Nie chcemy chyba niemiłej niespodzianki na środku autostrady, kiedy nagle spod maski zaczyna wydobywać się dym. Chyba nikt nie chce złapać gumy, kiedy nie ma się w bagażniku koła zapasowego. To tragedia, kiedy utknie się na pustej trasie, gdzie sieć nie ma zasięgu i nie ma jak wezwać pomocy drogowej.
Na wiele takich zdarzeń kierowca nie ma wpływu, bo usterki i wypadki się zdarzają. Ale można zminimalizować ryzyko ich wystąpienia. Dlatego warto przed wakacyjną podróżą sprawdzić swoje auto. Co trzeba zrobić?
Olej silnikowy
Koniecznie trzeba sprawdzić poziom oleju i jeżeli ślad na „bagnecie” wskazuje, że jest go za mało, należy olej uzupełnić. Doświadczony kierowca wie, że odpowiedni poziom oleju sprawia, że silnik pracuje przy niższym obciążeniu. Nie wolno sądzić, że jeżeli podczas jazdy po mieście wszystko jest w porządku, to tak samo będzie w długiej trasie.

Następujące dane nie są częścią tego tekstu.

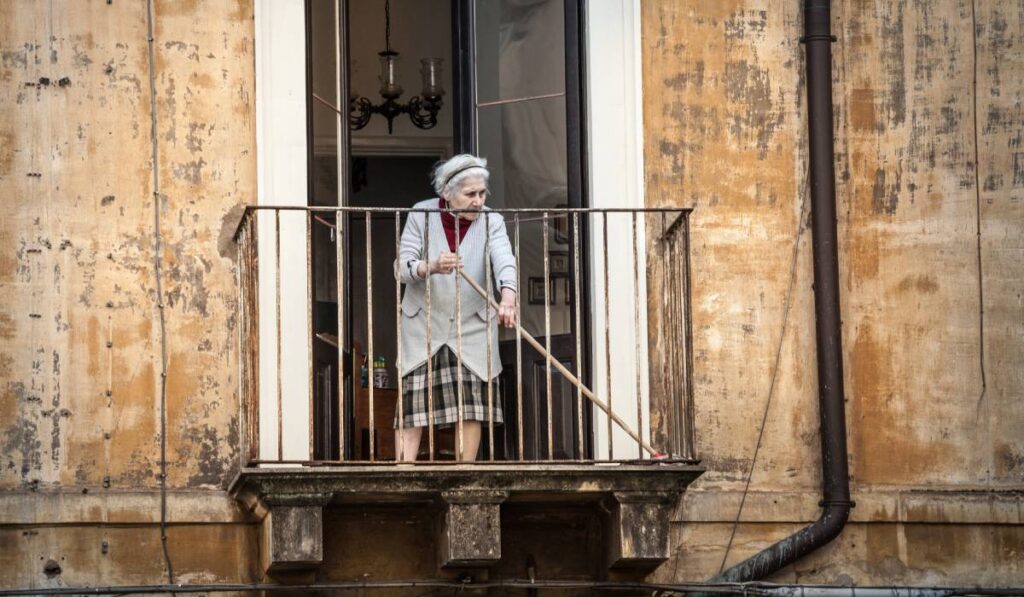 O femeie în vârstă din Italia, îmbrăcată cu o jachetă gri din lână și o fustă în carouri, în timp ce dă cu mătura pe balconul casei sale. Pereții maro ai clădirii au tencuiala căzută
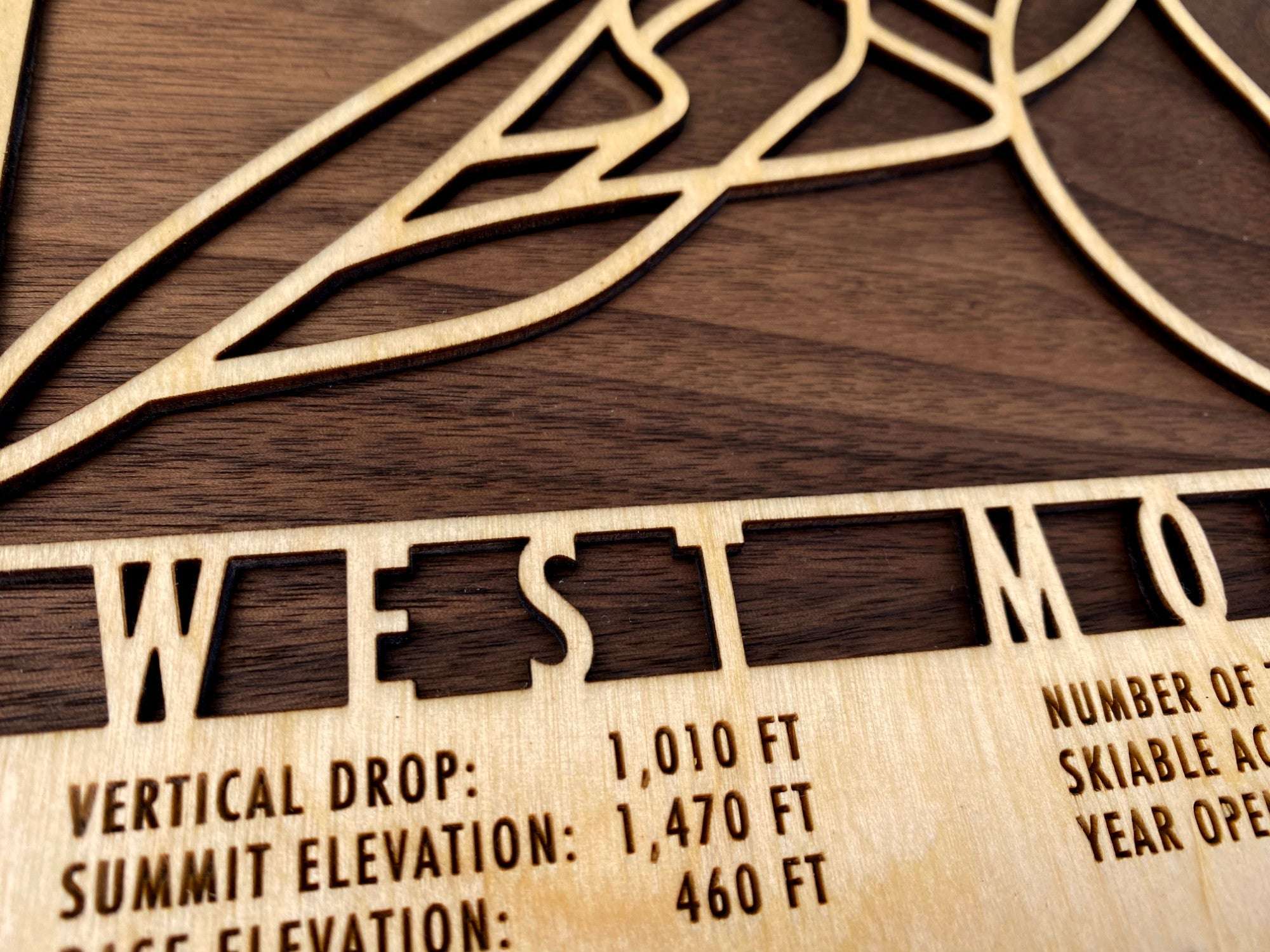 Close-up of West Mountain wood ski map showing detailed laser engraving of trail names and elevations, crafted for ski enthusiasts' wall decor.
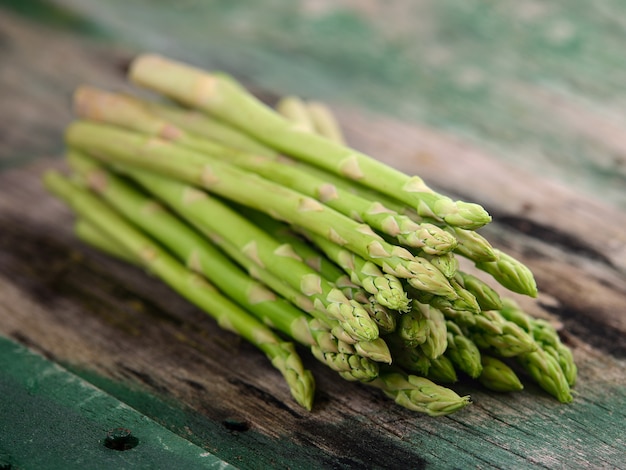 Asparagus on old wooden table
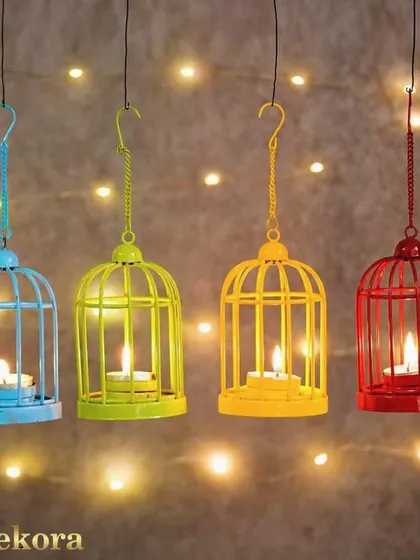 A set of four colorful hanging candle holders shaped like miniature birdcages. These are a fun and whimsical option for decorating an informal space or for a themed corporate event.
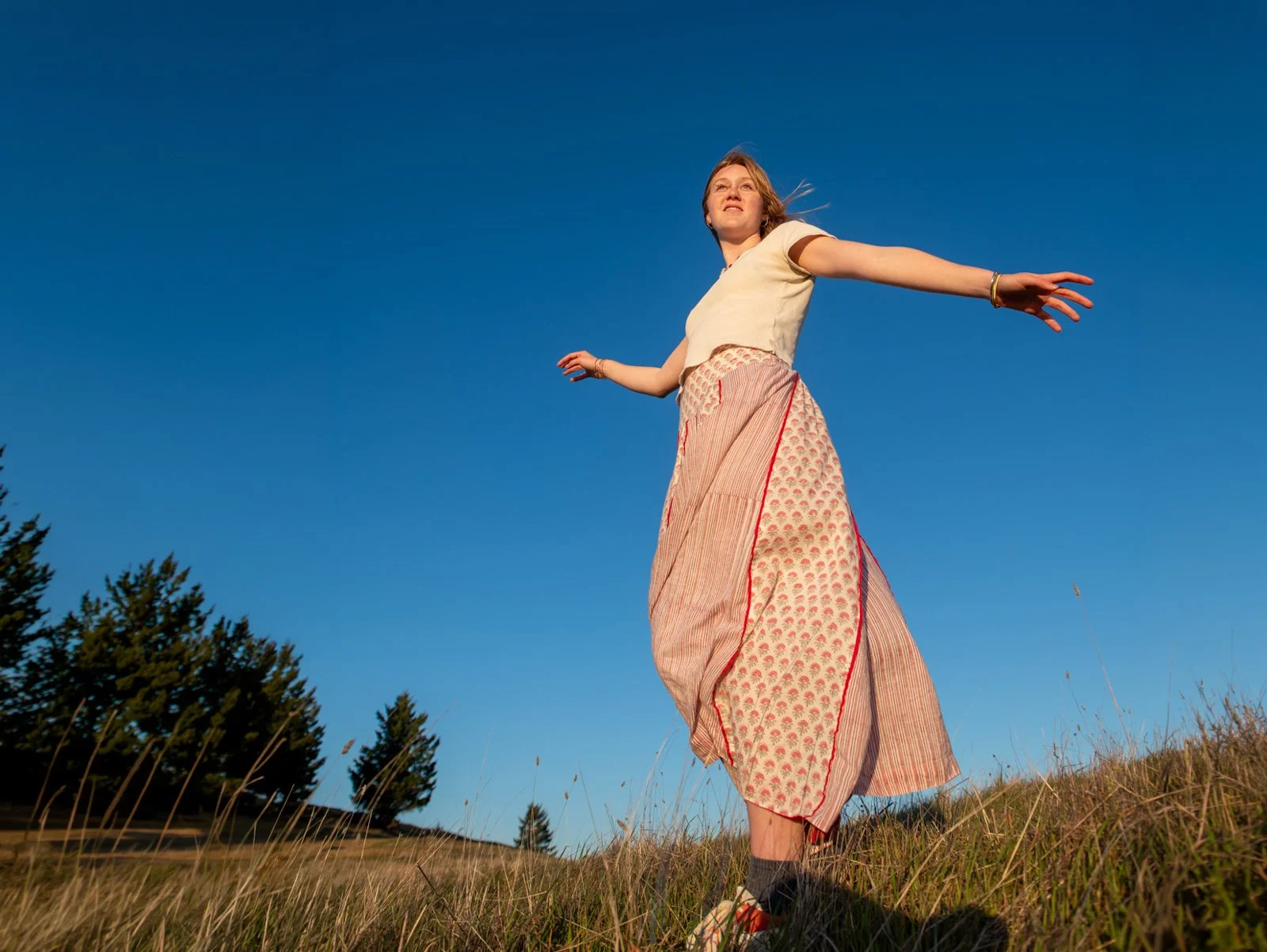A woman standing outdoors on a grassy hill, wearing a beige top and a long patterned skirt, with her arms outstretched, looking up at a clear blue sky.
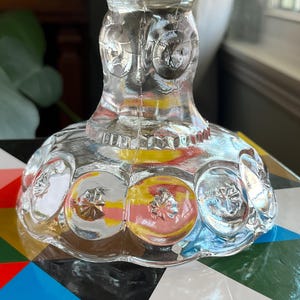 Op de afbeelding: Een glazen voetstuk voor een taart met een gegolfde rand en een voet met een herhalend patroon van cirkels. De voet heeft een getextureerd oppervlak met een subtiele iriserende glans.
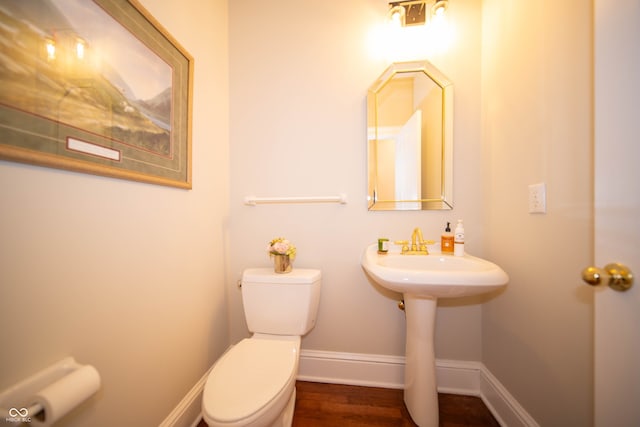 half bath featuring toilet, wood finished floors, baseboards, and a sink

Nie ma nic bardziej stresującego niż zapalenie się kontrolki na desce rozdzielczej podczas jazdy.
Kiedy sprawdza się poziom oleju, trzeba to zrobić przy zimnym silniku. Po zakończonej jeździe należy poczekać, aż temperatura spadnie i wówczas wyciągnąć „bagnet”. Rozgrzany silnik sprawi, że oleju może wydawać się więcej, niż jest to w rzeczywistości.
Kiedy wyciągnie się „bagnet”, trzeba go wytrzeć i zanurzyć ponownie. Tylko wtedy wskazanie będzie odpowiadało rzeczywistemu stanowi. Właściwy poziom oleju jest zaznaczony nacięciami na „bagnecie”.
Chłodnica i reszta
Kolejny punkt to płyny eksploatacyjne. Do nich należy płyn chłodzący. Gdy jest go za mało, to może to być znak, że układ chłodzący jest nieszczelny i wówczas koniecznie trzeba jechać do mechanika.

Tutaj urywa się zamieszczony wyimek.